REVIEW Oakland players shine in 'Tavern'



A 12-year-old boy is questioning his Catholic faith.
By GARRY L. CLARK
VINDICATOR STAFF WRITER
YOUNGSTOWN -- A nostalgic, humorous look at growing up Catholic in the late 1950s was presented Friday evening as the Oakland Center for the Arts opened its production of "Over The Tavern."
Told from the point of view of Rudy, a precocious 12-year-old, the play revolves around the Pazinski family of Buffalo, N.Y.
The family lives above the tavern owned by Chet Pazinski, a somewhat ill-tempered man who is more feared than loved in his home.
Rudy, on the cusp of adolescence, has begun to question some of the things he's being taught at St. Casimir's, the neighborhood parochial school.
Rudy's world
In fact, he's giving his teacher, Sister Clarissa, nearly apoplectic fits with his innocent questions that, to her, border on sacrilege.

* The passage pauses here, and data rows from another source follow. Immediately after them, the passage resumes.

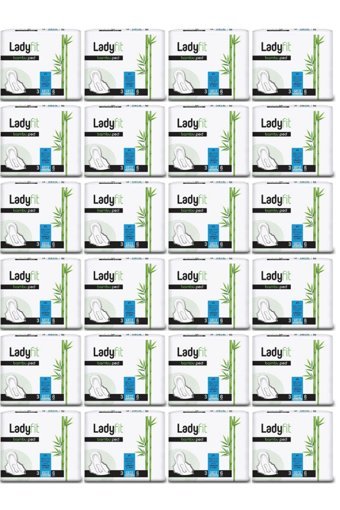 Lady Fit Bambu Organik Antialerjik İnce Gece 6'lı Hijyenik Ped 24 Adet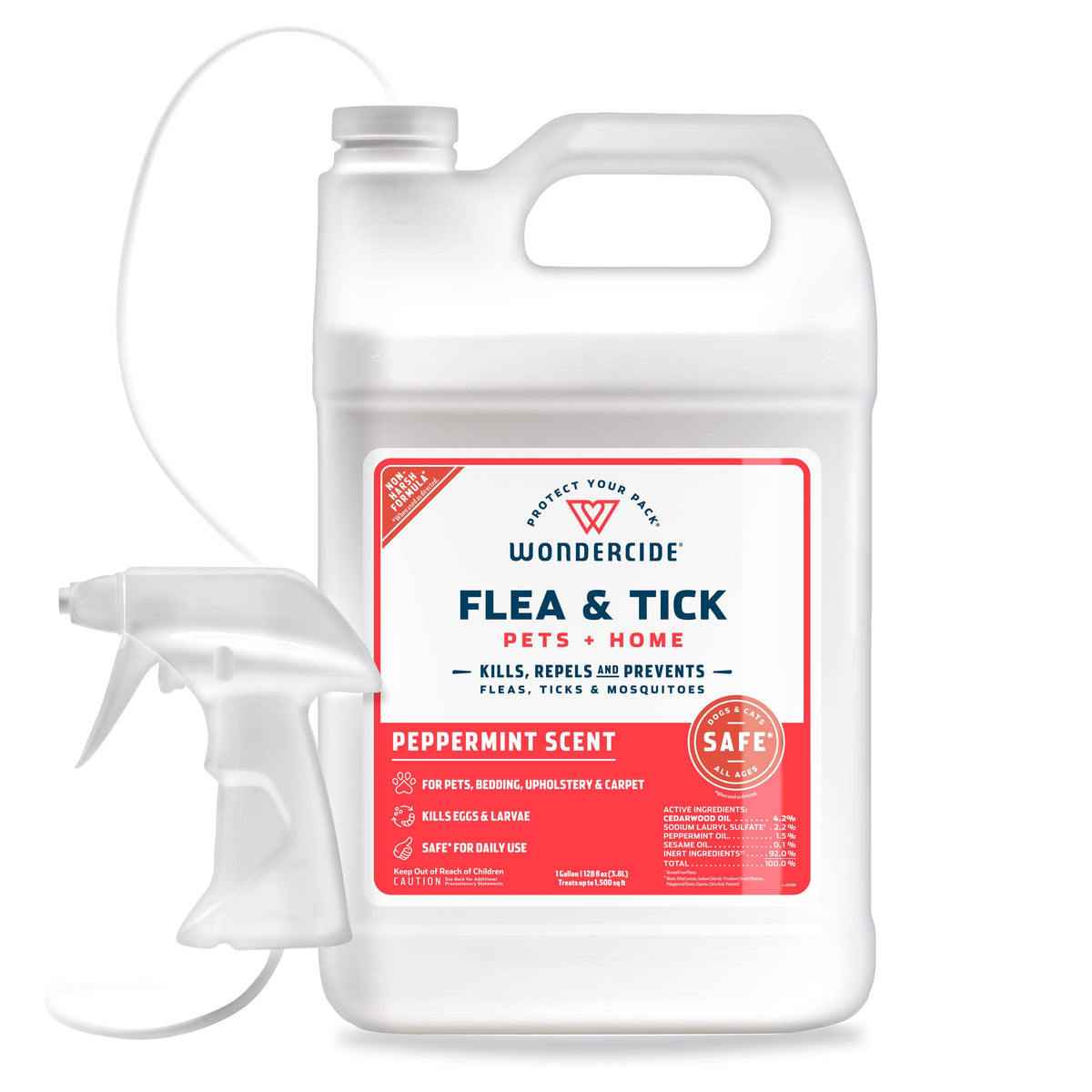 Wondercide Flea Tick & Mosquito Spray for Pets & Home - Rosemary 16 fl oz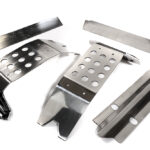 Stainless Steel (Req. Polishing) Skid Plate Set for Traxxas X-Maxx 4X4 7744 7745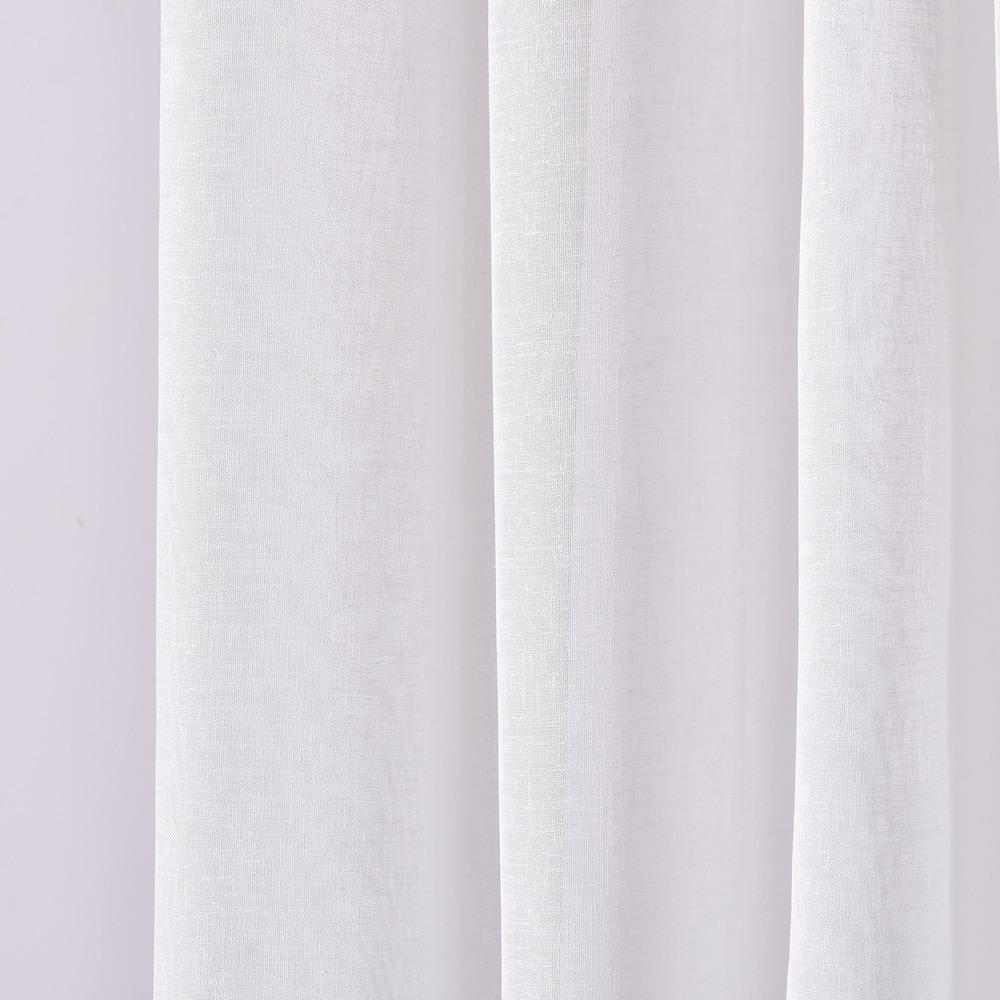 Тканина тюль рогожка Leros V-11 ekru 104 гр/м2 300 см (26409) - фото 4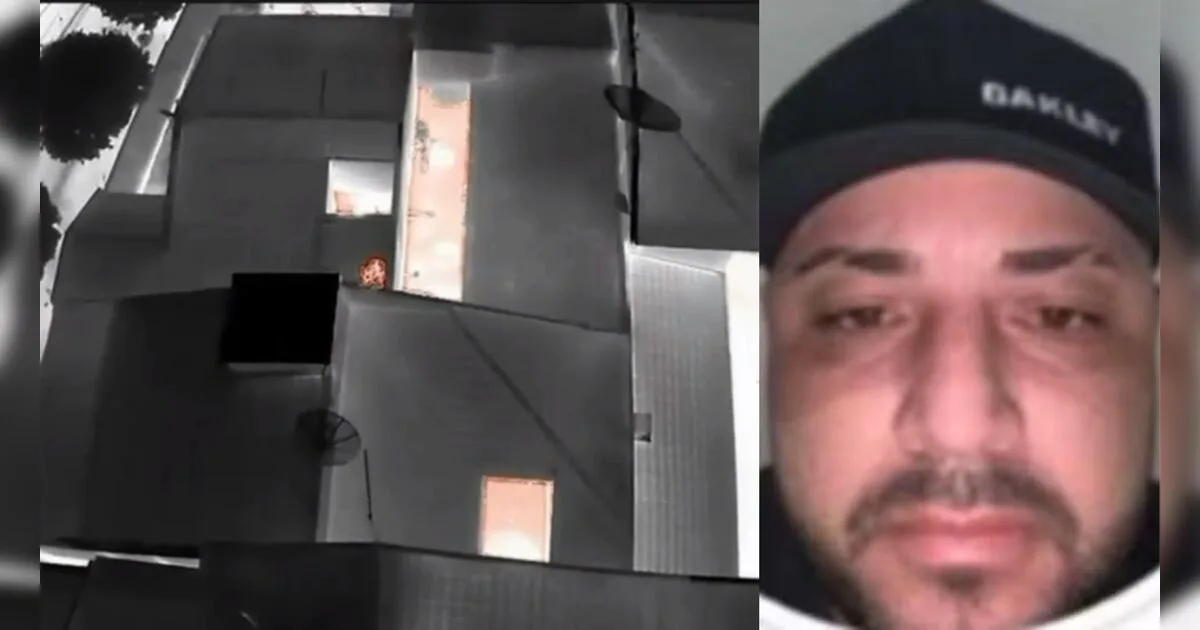 Vídeo mostra suspeito de sumiço de primas fugindo por telhados em Mandaguari (PR)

Rudy's siblings Eddie and Annie are coping as best they can with their father's temper, and Georgie, their mentally retarded brother, just loves them all, though he has picked up some nasty language that he repeats at the most inopportune moments.
Anchoring the family is Ellen, the mother, who faces down her husband's outbursts with a bit of her own, often recognizing Chet's own fears and weaknesses beneath.

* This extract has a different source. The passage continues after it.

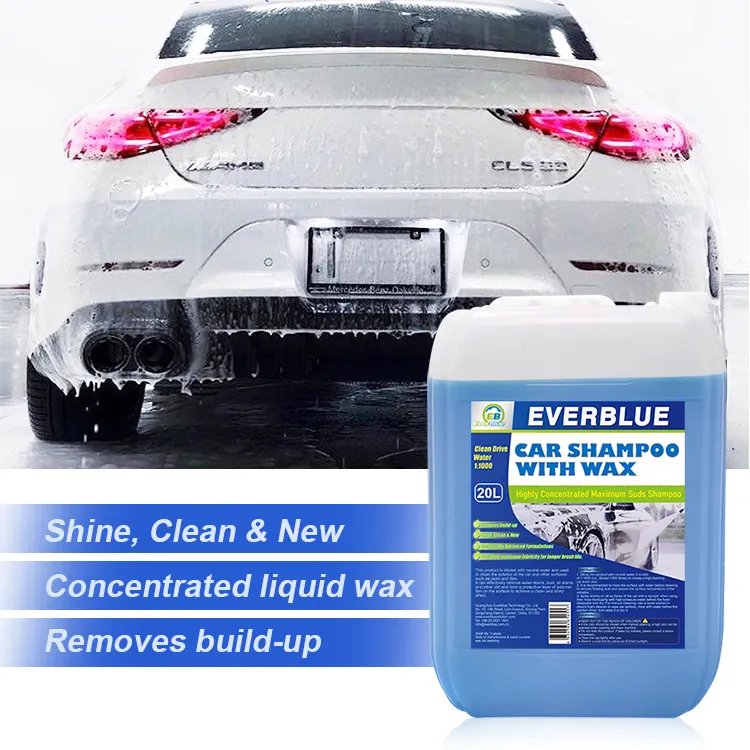 Alta concentrado car wash espuma shampoo 20 litros Car Wash espuma cera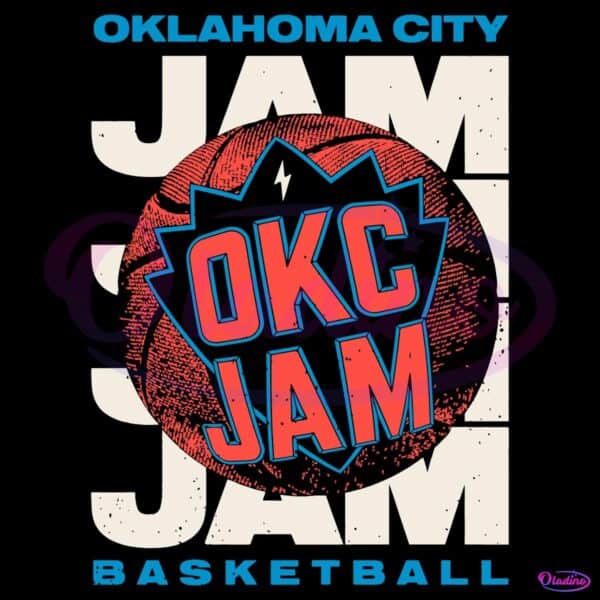 Okc Jam Retro Oklahoma City Basketball Hoop SVG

Rudy's questions surround many unanswerable themes, including why his brother, Georgie, was born retarded, and why his dad can't be like Robert Young on "Father Knows Best."
Told with love and humor, this piece by Tom Dudzick actually takes a look at his own upbringing and some of the critical moments of family life that poignantly turn the family's destiny within their own little circle and also their faith, which is never abandoned, but increasingly better understood.
Cast
Joey Monda made a perfectly hilarious Rudy as he searched, questioned, probed and even acted out his TV hero, Ed Sullivan, along with special guest, Jesus Christ.

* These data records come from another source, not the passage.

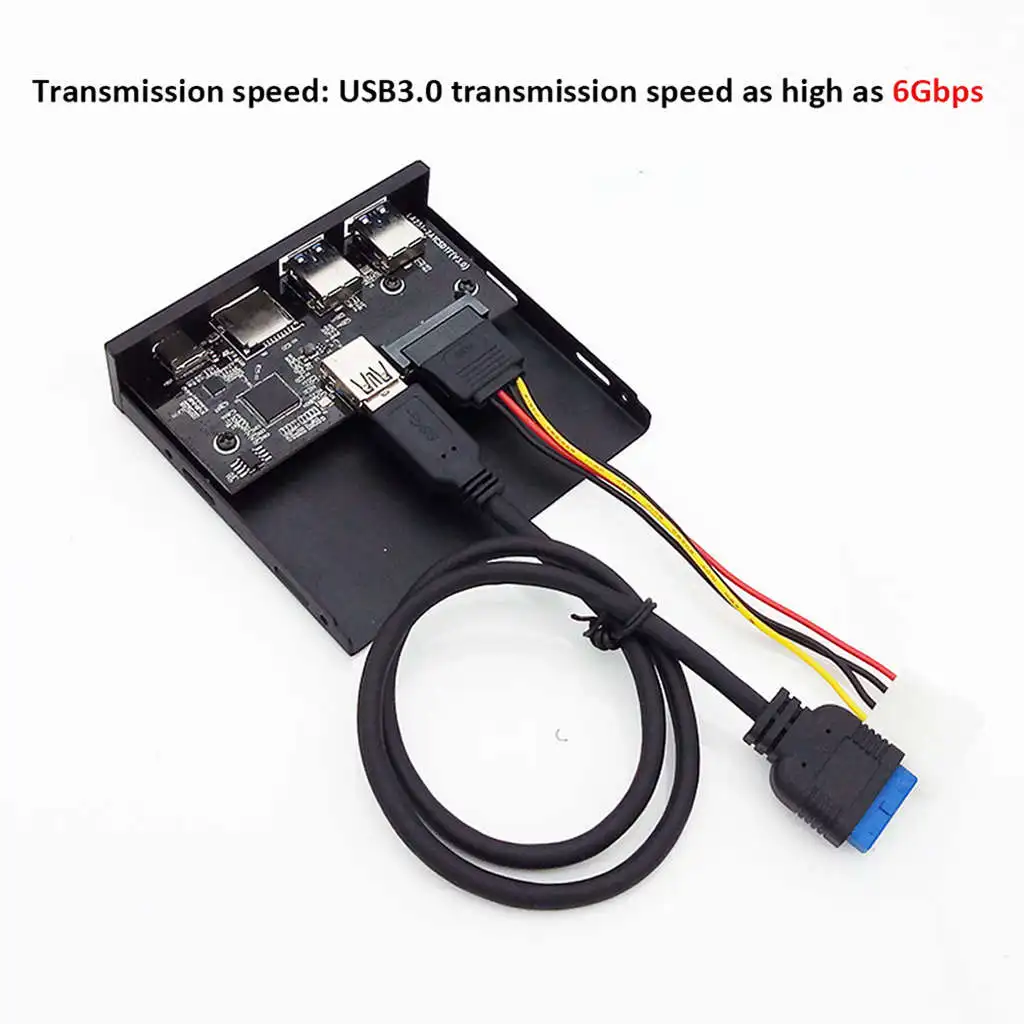 Кардридер 33S50 Rtk 3 в 1 ПК Фронтальная панель медиапорт Type C два порта Usb 0 с кабелем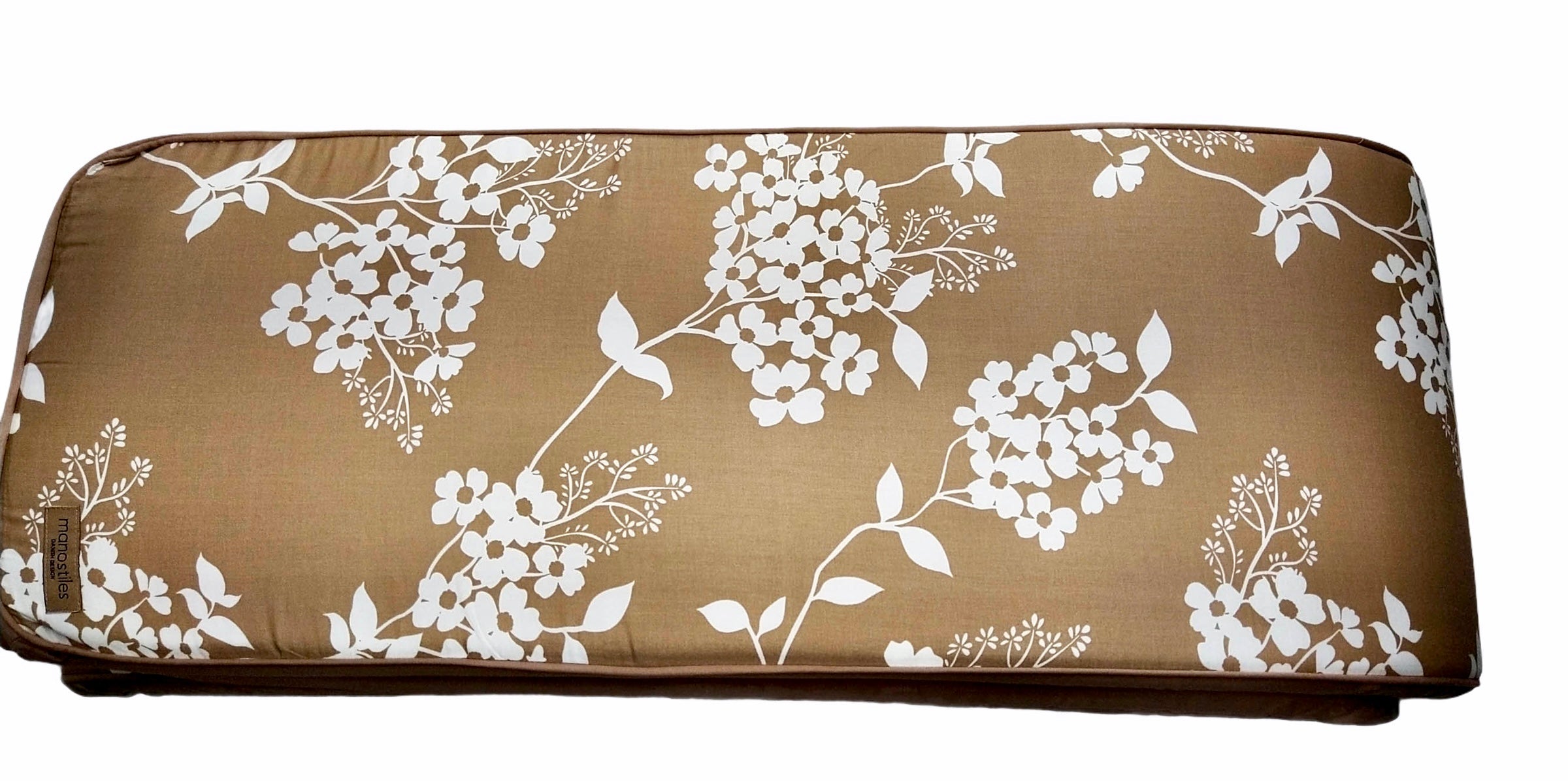 Sengerand - Brun, Vilde blomster- Manostiles Danish Design
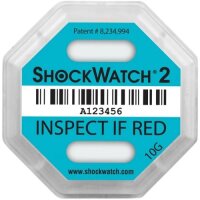 Stoßindikator Shockwatch 2, 10 G orange, 79SW10,...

Cast as his "nemesis," Sister Clarissa, was the excellent Regina Reynolds.
Though I didn't grow up Catholic, most of the audience must have, as her speeches and actions were met with much laughter and knowing nods. Her portrayal as a crusty old disciplinarian was complete with clicker and an ever-present ruler to dispense justice to recalcitrant hands.
Paul Sauline as Georgie was truly inspired, never dropping out of character for a moment, and April Sauline as Annie, and Elliott Jordan as Eddie looked and acted as if they'd just stepped out of a '50s sitcom mixed in with a little of the '70s "Happy Days."
Playing the family's patriarch, Chet, was Ed Smith, who tempered his character's angry outbursts with an underlying element of sadness that came to the fore late in the second act.
And, finally, providing that all-important family glue was Denise Sculli as Ellen, whose remarkable performance makes one believe that this is a real family trying to make it in a real world with very real and common obstacles to overcome, even in the so-called "Golden Age" of the 1950s.